Shore Leave (Увольнение на берег) is a 1962 Soviet teen romance film directed by Feliks Mironer.

Sailor Nikolai Valezhnikov went south to the port city and spent there one day, for which he spoke with many people and met a woman with whom he fell in love and who fell in love with him.

== Plot ==
Sailor Nikolai Valezhnikov from the Donbass is serving in Sevastopol. One day, he is granted shore leave. His friend Pyotr, who does not receive leave, asks Nikolai to deliver a message to his girlfriend, Zhenya, informing her that he will not be able to meet her. At the arranged meeting spot, Nikolai cannot find Zhenya and ends up calling her name. A woman, Zhenya Efremova, responds, and it turns out she has indeed been waiting for Pyotr. Nikolai assumes she is deeply upset by Pyotr’s absence.

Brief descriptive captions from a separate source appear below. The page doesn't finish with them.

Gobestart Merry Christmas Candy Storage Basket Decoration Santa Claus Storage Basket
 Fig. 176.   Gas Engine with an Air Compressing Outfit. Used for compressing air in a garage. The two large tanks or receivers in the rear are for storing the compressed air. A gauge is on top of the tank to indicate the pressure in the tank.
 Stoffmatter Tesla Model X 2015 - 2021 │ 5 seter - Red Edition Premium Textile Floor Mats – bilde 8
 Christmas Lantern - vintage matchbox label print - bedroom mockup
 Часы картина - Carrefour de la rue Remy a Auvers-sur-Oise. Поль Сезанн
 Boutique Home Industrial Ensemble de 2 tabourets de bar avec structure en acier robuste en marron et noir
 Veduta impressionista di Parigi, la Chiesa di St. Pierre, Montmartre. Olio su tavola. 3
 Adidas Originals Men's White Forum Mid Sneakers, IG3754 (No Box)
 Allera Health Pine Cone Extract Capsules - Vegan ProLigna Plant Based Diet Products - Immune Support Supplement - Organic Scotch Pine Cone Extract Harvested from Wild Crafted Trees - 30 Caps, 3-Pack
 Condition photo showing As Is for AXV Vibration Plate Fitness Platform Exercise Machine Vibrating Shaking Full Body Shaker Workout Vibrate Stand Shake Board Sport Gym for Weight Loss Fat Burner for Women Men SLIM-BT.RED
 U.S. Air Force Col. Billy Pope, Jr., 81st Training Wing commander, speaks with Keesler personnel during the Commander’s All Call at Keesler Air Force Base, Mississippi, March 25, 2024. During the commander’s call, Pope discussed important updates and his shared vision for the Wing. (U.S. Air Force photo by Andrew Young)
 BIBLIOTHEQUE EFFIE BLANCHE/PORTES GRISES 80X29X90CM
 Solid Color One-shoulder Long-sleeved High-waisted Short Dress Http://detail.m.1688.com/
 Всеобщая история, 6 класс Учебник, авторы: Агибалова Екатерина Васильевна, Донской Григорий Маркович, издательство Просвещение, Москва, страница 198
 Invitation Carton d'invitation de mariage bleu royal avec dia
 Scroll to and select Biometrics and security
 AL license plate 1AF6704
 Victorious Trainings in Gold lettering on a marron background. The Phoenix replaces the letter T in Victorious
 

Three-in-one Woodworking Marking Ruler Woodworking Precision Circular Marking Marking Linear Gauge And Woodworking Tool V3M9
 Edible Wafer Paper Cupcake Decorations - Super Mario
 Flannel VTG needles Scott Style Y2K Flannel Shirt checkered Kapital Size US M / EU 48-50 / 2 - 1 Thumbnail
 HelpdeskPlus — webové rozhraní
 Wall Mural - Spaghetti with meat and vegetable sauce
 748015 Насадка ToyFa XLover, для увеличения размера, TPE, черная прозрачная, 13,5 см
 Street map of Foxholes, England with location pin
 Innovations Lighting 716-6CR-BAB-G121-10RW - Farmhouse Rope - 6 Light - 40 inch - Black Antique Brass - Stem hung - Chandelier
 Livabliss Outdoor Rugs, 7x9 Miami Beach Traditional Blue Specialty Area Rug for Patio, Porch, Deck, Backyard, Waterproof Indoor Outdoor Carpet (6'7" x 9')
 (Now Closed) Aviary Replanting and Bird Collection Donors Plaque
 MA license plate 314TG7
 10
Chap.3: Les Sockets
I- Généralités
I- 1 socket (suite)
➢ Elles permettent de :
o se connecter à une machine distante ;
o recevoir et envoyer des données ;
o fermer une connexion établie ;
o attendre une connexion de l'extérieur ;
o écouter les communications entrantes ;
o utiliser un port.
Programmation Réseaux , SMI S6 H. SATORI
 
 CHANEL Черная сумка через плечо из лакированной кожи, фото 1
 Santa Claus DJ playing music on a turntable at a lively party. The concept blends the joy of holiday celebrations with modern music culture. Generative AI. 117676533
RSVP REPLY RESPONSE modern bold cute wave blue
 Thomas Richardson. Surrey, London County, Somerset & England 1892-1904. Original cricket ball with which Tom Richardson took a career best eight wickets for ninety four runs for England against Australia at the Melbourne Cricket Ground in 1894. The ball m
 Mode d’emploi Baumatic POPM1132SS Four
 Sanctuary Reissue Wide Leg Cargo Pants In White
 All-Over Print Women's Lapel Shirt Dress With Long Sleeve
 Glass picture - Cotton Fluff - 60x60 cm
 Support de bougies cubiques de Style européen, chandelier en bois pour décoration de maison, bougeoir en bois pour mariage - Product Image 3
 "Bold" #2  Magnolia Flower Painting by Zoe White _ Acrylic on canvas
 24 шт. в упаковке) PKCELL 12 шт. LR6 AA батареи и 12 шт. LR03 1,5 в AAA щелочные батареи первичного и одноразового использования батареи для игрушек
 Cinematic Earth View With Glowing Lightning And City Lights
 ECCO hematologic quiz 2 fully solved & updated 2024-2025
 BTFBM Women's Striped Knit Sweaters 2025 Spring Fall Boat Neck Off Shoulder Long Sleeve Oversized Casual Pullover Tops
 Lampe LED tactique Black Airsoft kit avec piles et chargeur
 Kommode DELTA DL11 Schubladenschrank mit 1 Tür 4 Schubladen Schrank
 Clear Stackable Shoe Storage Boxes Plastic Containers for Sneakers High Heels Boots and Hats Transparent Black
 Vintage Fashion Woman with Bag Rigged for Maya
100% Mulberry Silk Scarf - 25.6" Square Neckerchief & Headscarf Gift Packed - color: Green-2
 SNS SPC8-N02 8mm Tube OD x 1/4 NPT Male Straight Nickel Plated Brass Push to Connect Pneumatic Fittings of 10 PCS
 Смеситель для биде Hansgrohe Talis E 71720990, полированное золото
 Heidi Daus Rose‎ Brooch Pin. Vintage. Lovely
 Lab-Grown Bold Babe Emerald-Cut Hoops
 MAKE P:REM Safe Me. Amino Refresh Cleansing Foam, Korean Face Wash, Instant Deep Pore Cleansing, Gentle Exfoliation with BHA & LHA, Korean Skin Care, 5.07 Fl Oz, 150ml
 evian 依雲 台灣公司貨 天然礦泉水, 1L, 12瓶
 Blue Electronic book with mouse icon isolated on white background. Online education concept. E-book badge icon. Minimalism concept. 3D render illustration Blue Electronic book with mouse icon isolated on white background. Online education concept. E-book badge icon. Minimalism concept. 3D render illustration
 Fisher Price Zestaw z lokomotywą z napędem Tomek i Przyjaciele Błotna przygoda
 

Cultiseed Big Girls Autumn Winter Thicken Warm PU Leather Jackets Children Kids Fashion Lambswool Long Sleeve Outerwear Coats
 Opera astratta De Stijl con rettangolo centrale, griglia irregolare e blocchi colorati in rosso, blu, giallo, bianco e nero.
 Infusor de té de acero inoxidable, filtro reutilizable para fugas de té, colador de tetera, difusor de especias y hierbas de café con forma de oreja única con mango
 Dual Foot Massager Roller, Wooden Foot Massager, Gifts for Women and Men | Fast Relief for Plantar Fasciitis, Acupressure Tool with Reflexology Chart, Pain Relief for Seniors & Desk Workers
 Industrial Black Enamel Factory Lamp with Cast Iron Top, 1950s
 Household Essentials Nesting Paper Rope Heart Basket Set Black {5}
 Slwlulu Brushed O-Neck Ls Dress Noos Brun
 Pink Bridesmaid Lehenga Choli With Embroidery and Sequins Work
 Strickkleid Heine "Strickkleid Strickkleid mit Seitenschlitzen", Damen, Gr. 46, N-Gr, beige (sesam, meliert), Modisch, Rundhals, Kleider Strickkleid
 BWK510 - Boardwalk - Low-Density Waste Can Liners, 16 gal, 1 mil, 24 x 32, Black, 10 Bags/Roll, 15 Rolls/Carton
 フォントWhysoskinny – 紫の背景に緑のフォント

During their conversation, Nikolai learns that Zhenya works as a postal worker and has lost 300 rubles of government money, which could lead to serious consequences for her. Determined to help, Nikolai spends the day with Zhenya, trying to raise the money through a series of unexpected and adventurous methods. Over the course of the day, Nikolai begins to fall in love with Zhenya, while worrying about how he will explain the situation to his friend.

In the evening, Nikolai takes Zhenya to the sailors' club, where their comrades are dancing, in the hope of collecting some money. There, it is revealed that Zhenya Efremova is not the girlfriend of his friend Pyotr, but instead a friend of another sailor named Pyotr. By coincidence, she had sent a note to this Pyotr asking for help and arranged to meet him at the same spot, but he had simply ignored her.

By the end of the night, most of the money has been collected, with the remaining sum to arrive the next morning via a postal transfer from Nikolai's mother. Nikolai escorts Zhenya to her apartment, where they discover that a district police officer has left her a summons. Believing it to be related to her boss filing a complaint, the two head to the police station. After a tense exchange with the officer, they learn that Zhenya has been summoned because the missing money has been found.

Relieved, Nikolai and Zhenya part ways, agreeing to meet again in a week at the same spot. However, when the week arrives, Nikolai does not receive shore leave and asks his friend Pyotr to deliver a message to Zhenya on his behalf.